- [What the task requires]
Look through the data below for the line with "Hurricanesin Aho teki 300 NHL maalinsa" and the line with "Barrikadenbau Foto: Barrikadenbau.", then transcribe exactly from the first through the second, leaving out all pictures.

- [Records shown]
- - - - - - -
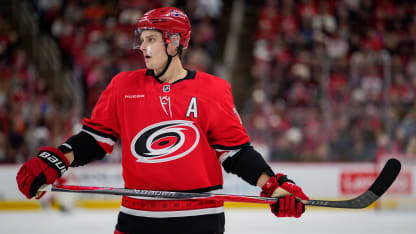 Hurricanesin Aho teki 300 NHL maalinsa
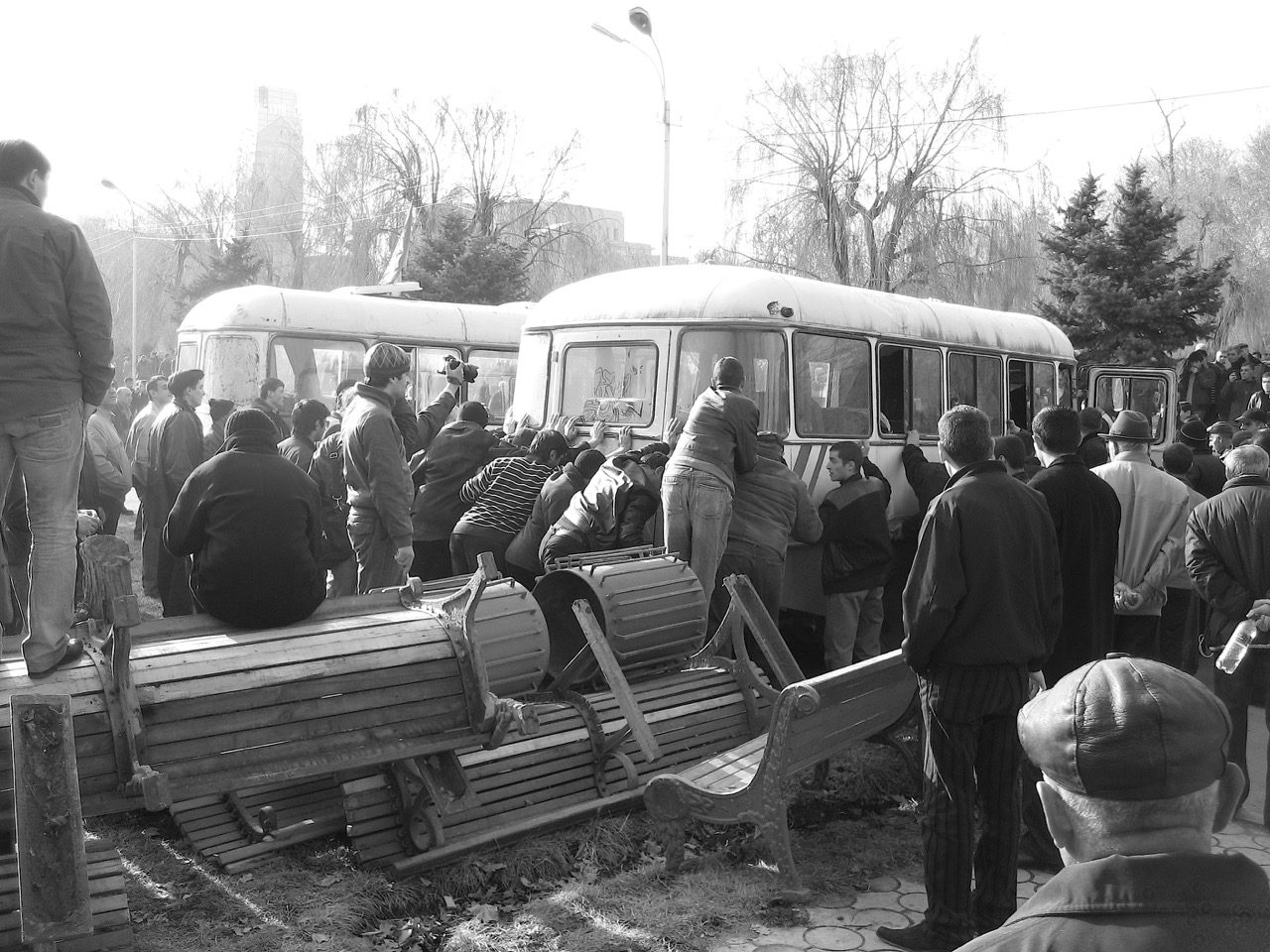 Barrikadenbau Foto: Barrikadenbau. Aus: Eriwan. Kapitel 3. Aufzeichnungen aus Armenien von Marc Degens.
- - - - - - -
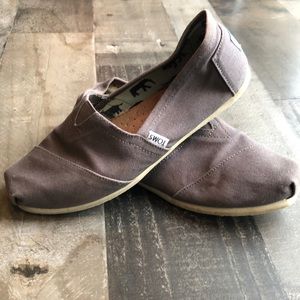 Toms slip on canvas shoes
- - - - - - -
- [Response to the exercise]
 Hurricanesin Aho teki 300 NHL maalinsa
 Barrikadenbau Foto: Barrikadenbau. Aus: Eriwan. Kapitel 3. Aufzeichnungen aus Armenien von Marc Degens.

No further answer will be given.